[DATA SUPPLIED — start]

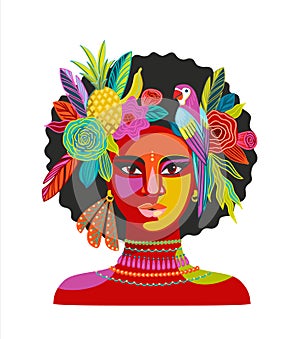 Portrait of woman in brazil carnival outfit. Vector isolated abstract illustration. Design elements for carnival concept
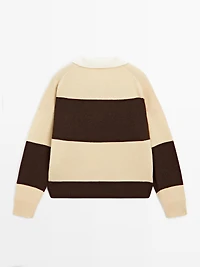 Striped wool blend polo sweater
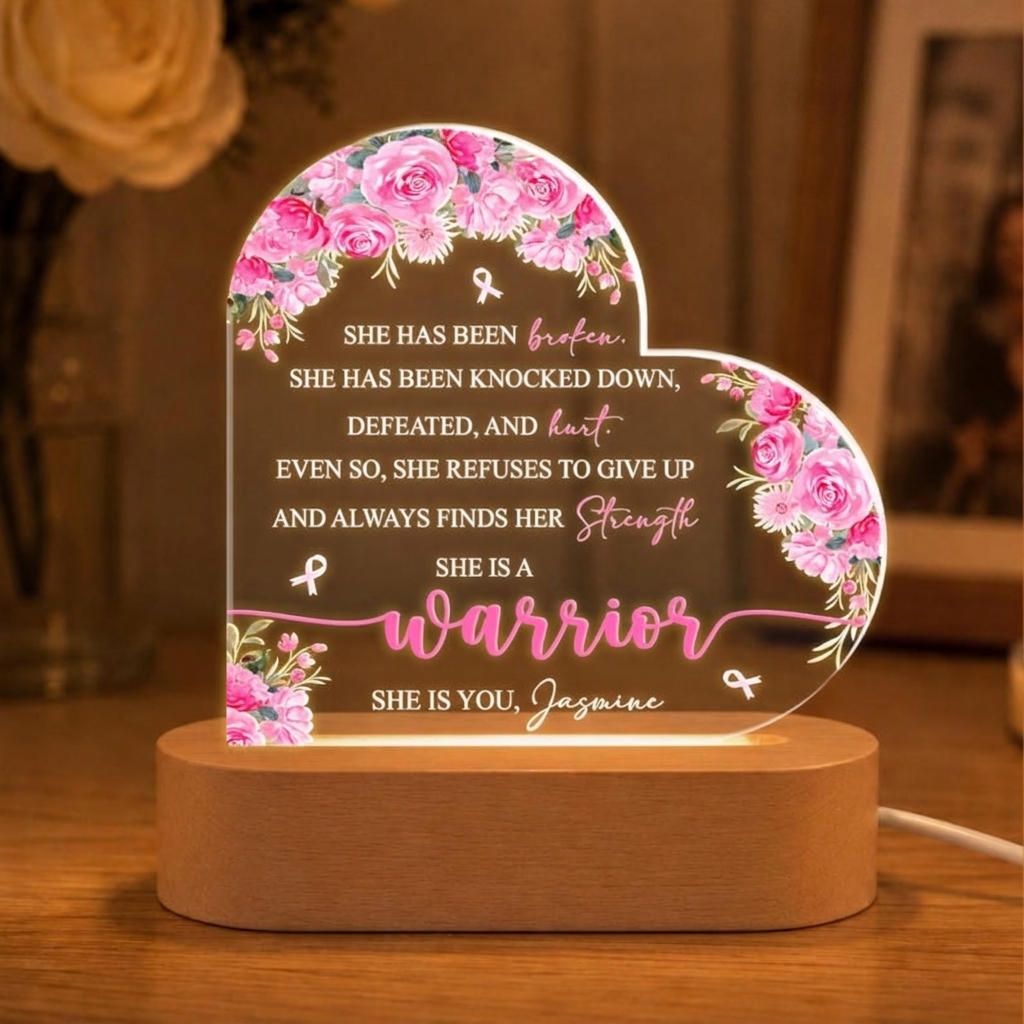 Personalized Warrior Cancer Survivor Custom Pink Ribbon Acrylic Lamp, Strength Keepsake, Encouragement, Breast Cancer Awareness Gift, Survivor Keepsake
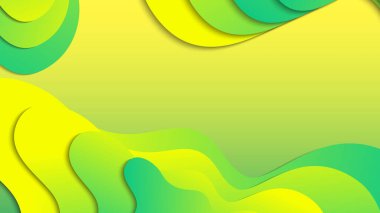 Broşür broşürü afişi tasarımı için yeşil ve sarı eğimli sıvı dalga soyut arkaplan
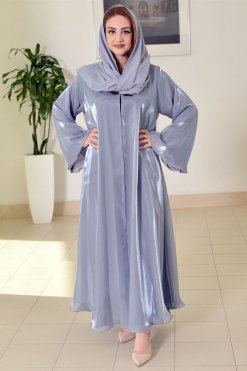 3685 4 A Line Organza Grey Abaya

[DATA SUPPLIED — finish]

YOUR INSTRUCTIONS:
Copy all the lines of data exactly as they appear, dropping any images.

TASK RESULT:
 Portrait of woman in brazil carnival outfit. Vector isolated abstract illustration. Design elements for carnival concept
 Striped wool blend polo sweater
 Personalized Warrior Cancer Survivor Custom Pink Ribbon Acrylic Lamp, Strength Keepsake, Encouragement, Breast Cancer Awareness Gift, Survivor Keepsake
 Broşür broşürü afişi tasarımı için yeşil ve sarı eğimli sıvı dalga soyut arkaplan
 3685 4 A Line Organza Grey Abaya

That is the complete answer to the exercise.